JPM is actually Chenical Bank which bought Manufacuters Hanover, Chase (which bought Hambrecht & Quist and Robert Fleming), JP Morgan, US Bancorp and Bear Stearns

MS is actually Dean Witter which bought Discover and Morgan Stanley (I remember the day Morgan Stanley bankers were given Discover credit cards as their corporate cards)

Primerica acquired Smith Barney and Shearson and Salomon Brothers before merging with Travelers Insurance and Citi

Barclays is the combination of Barclays Investment Bank (whose foundations are De Zoete Wedd and Lehman

DB bought Bankers Trust (which bought Alex Brown) and Morgan Grenfell

BofA bought Montgomery Securities and Merrill Lynch

UBS acquired Swiss Banking Corporation which acquired SG Warburg and Dillon Read and Paine Webber

Wells Fargo acquired Wachovia which had acquired Wheat First and Prudential Securities (which acquired Kidder Peabody from General Electric)

Credit Suisse acquired First Boston and DLJ

RBC acquired Dain Rauscher

CIBC acquired Oppenheimer

and that’s how investment banks almost died

 

Just wanted to add that Credit Suisse acquired First Boston and Donaldson Lufkin Jenrette, and DLJ inherited the core of Drexel Burnham Lambert.

  • First Boston had to be bailed out for financing the LBO of the Ohio Mattress Company when HY crashed.
  • DBL was forced into bankruptcy due to Milken's crimes 

Although it's a prestigious ancestry, it seems the strong legacy of fucking up is carrying through to today!

 

Wow fantastic recap.
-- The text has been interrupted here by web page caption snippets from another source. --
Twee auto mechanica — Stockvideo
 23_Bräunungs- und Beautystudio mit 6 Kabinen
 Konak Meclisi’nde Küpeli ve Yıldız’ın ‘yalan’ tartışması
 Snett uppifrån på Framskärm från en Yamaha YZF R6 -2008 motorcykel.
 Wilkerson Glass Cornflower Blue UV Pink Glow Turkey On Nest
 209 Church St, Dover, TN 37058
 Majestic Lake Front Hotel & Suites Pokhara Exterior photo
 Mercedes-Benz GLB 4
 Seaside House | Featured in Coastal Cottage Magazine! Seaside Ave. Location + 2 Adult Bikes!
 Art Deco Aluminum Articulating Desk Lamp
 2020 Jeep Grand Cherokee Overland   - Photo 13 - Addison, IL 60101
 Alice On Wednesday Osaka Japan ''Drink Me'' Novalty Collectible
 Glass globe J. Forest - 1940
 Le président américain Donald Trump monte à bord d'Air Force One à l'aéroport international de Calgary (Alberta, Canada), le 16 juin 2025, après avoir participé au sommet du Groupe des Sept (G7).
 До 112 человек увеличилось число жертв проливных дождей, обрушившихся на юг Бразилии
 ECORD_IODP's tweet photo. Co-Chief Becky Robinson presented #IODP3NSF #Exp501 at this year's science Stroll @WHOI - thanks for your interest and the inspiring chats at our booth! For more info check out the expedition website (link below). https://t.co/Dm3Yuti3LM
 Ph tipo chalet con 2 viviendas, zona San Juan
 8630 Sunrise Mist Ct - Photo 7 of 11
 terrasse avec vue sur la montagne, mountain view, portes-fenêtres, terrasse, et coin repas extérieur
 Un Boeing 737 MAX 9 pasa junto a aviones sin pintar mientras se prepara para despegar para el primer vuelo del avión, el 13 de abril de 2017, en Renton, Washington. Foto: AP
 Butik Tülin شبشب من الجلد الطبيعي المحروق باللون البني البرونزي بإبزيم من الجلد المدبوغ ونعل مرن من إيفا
Wonder what the next decade of acquisitions and consolidations will look like

 

Great thread, love the wonky history of finance, especially investment banks. IMO, you can understand a lot of our current economic/financial malaise by understanding the change in the structure and function of major financial institutions.

My one gripe is that you left out the most important part! The evolution of dealers and their integration with investment banks. For those interested, the bank holding company act of 1956 was in many ways a spiritual predecessor to Gramm-Leach-Bliley in 1999. In most of the ways that mattered, we had the universal bank long before the 1990s.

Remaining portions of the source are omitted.